1) We had a small "issue'" with my wife's interview: He thought she was concealing a DUI conviction cause she never got a US driver's license. He backed off since the background checks were clean, but he wasn't personally convinced cause her USCIS file had some minor (on their end) errors and he'd didn't know anyone with a state ID that wasn't a DUI conviction, but he'd recommend her anyways.

2) We called the local SSA office, and they said to bring her birth certificate, state ID, a copy of the greencard, and her foreign passport in case their are issues with her file, along with her naturalization certificate 30 days after she's sworn in.

We know she didn't lie about her status on her social security application or use fake documents to get her number. The only personal documents she had when she applied was her GC, our Marriage license, her birth certificate, and her Canadian passport and her state ID. And the SSA requires you to prove USC or legal authorization to work to get a number.

As far as we know she was 100% truthful on her N-400; if there is/was an error we'd have had no way of knowing about it.

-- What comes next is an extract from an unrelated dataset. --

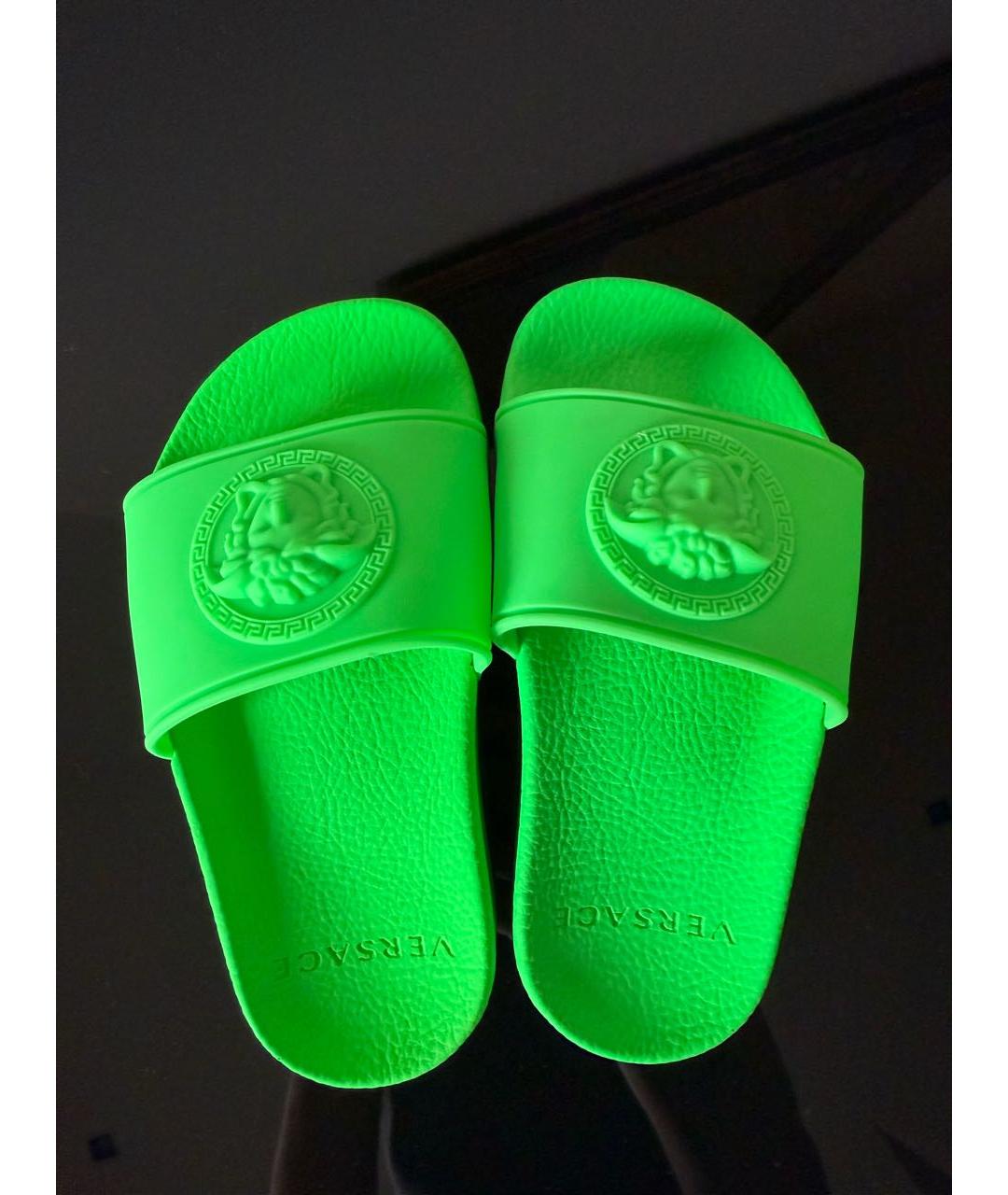 VERSACE Салатовые резиновые сандалии и шлепанцы, фото 2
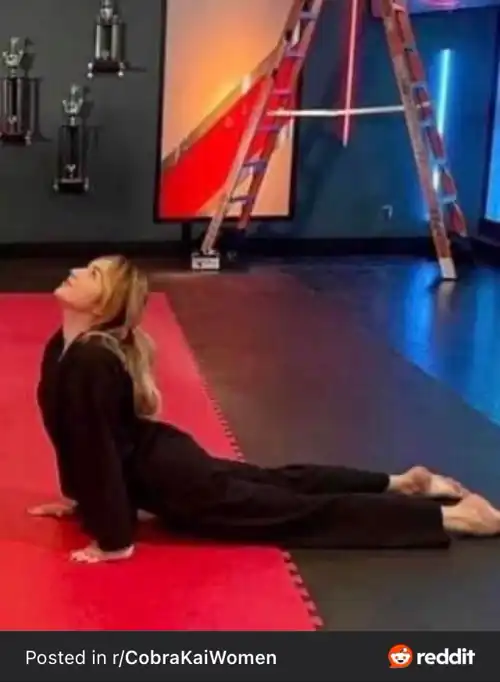 If I find Tory in this position I’m grabbing her ponytail and I’ll fuck her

But we got to wondering if she'll get nailed for misrepresentation if the SSA stuff does have an error in it and she's been listed as a citizen for the last 1o years instead of a LPR.

So if the SSA has the wrong immigrant status (listing her as a USC for the last ten years instead of an LPR), so long as she didn't lie/provide fraudulent papers to get her number they just "update" / "fix" her status and we don't have to worry about the USCIS coming after her?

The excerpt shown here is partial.